This is a working Natural Language Processing (NLP) system that determines whether a restaurant review is positive or negative, using binary logistic regression.
1 i will never forget this single breakfast experience in mad...
0 the search for decent chinese takeout in madison continues ...
0 sorry but me julio fell way below the standard even for med...
1 so this is the kind of food that will kill you so there s t...
feature.py takes in the raw input data and produces a real-valued vector for each training, validation, and test example.
glove_embeddings.txt contains the GloVe embeddings of 6792 words, used for feature engineering.
lr.py takes in the real-valued vectors and trains a logistic regression model using stochastic gradient descent to predict whether each example is a positive or negative review.

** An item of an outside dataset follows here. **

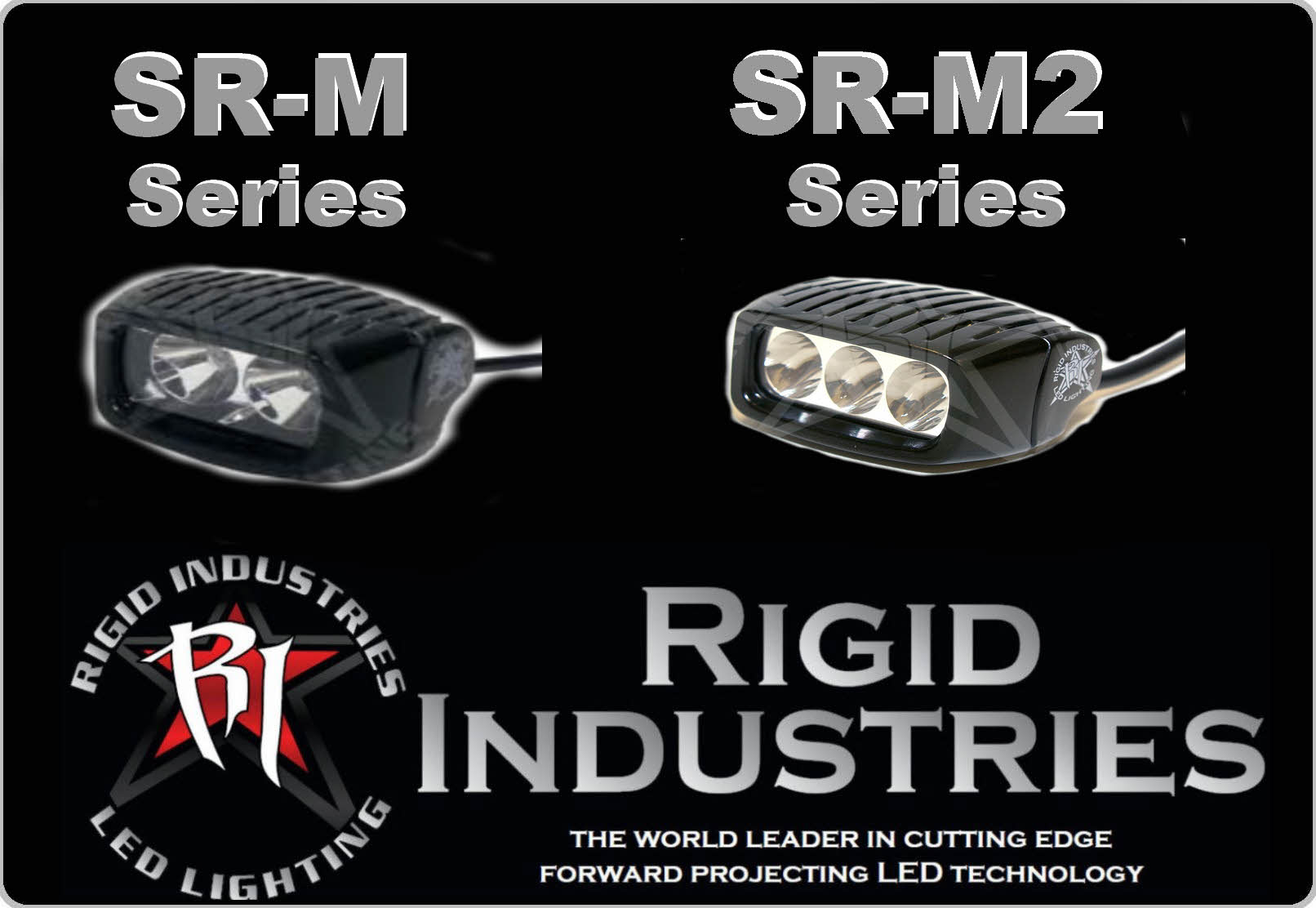Click Here for RIGID SRM Series Lights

nll.py plots the average negative log-likelihood for the training and validation data sets after each of 1,000 epochs. The y-axis shows the negative log-likelihood and the x-axis shows the number of epochs. It demonstrates the effect of overfitting, in which as the number of epochs increase, the model is learning details from the training data that don’t generalize well to the validation data.
python feature.py \
largedata/train_large.tsv \
largedata/val_large.tsv \
largedata/test_large.tsv \
glove_embeddings.txt \
test_output/formatted_train_large.tsv \
test_output/formatted_val_large.tsv \
test_output/formatted_test_large.tsv
python lr.py \
test_output/formatted_train_large.tsv \
test_output/formatted_val_large.tsv \
test_output/formatted_test_large.tsv \
test_output/formatted_train_labels.txt \
test_output/formatted_test_labels.txt \
test_output/formatted_metrics.txt \
500 \
0.1
python nll.py \
test_output/formatted_train_large.tsv \
test_output/formatted_val_large.tsv \
test_output/formatted_test_large.tsv \
test_output/formatted_train_labels.txt \
test_output/formatted_test_labels.txt \
test_output/formatted_metrics.txt \
1000 \
0.1